When Colleen Adams vanished from her South Australia home in 1973 she was initially thought to have left of her own accord, however police have now launched a fresh investigation into the cold case, allegedly telling her husband he is now a main suspect in her presumed murder.
South Australia Police launched a fresh search for Adams’ remains at the couple’s former home in Maitland earlier this week and spent two days “examining the property inside and out”, using ground penetrating radar and specialist camera equipment, as well as digging up concrete slabs from the back garden.
Detective Superintendent Des Bray confirmed that Major Crime police have “spoken with a suspect”, and said: “After an anomaly was discovered we dug out a concrete slab under a garden shed and we are also closely examining a patch in the garden, however at this time we have not located any evidence linked with Mrs Adams’ disappearance.”
Now the missing woman’s husband, Geoff Adams, has spoken publicly to Nine News Adelaide to deny having any involvement with his wife’s disappearance or alleged murder. When asked whether he killed his wife by reporters, he told the news outlet: “No, I didn’t.” When asked if he had been told he was a suspect, he added: “All husbands are a suspect, yeah.”
The 24-year-old mother-of-two vanished on November 22, 1973, with her husband Geoff telling police that he woke to find his wife fully-dressed, holding two packed suitcases, claiming she told him she never wanted to see him, or their two young daughters, aged three and 18-months at the time, again.
Adams also said he then watched his wife climb into a car with a middle-aged woman, whom he did not recognise, before driving off. However Colleen was not reported missing for 27 days, when her concerned mother Vera Milbank lodged a missing persons report with police.
Police initially attended the address in 1974, however Colleen was considered a missing person for another five years, until the case was declared a Major Crime in 1979, as no contact or financial activity had been made by the apparently doting mother since she was said to have left.

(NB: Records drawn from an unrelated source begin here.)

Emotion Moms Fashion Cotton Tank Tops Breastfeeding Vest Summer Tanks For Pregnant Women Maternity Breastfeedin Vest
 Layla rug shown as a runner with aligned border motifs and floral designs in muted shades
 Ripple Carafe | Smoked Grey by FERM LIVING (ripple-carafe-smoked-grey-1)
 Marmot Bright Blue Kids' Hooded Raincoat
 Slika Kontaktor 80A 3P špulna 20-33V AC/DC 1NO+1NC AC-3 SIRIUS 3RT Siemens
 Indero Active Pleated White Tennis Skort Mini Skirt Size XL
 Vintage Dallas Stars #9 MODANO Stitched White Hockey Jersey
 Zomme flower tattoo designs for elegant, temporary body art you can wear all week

Detective Superintendent Bray confirmed that police do not believe Adams is alive and stressed that the force would not “give up” on the case.
“We don’t give up on unsolved cases such as this,” he said. “Her daughters and family deserve some answers and I would urge anyone with information that may be of value to police to come forward and speak with us.”
Despite the police’s belief that Adams is deceased, her husband believes she is still alive. He added to 9News: “I just hope that she’s well and enjoying life yeah.”
A $200,000 reward is also being offered to anyone who provides information which leads to the recovery of Mrs Adam’s remains, or the arrest and conviction of the person responsible for her suspected murder.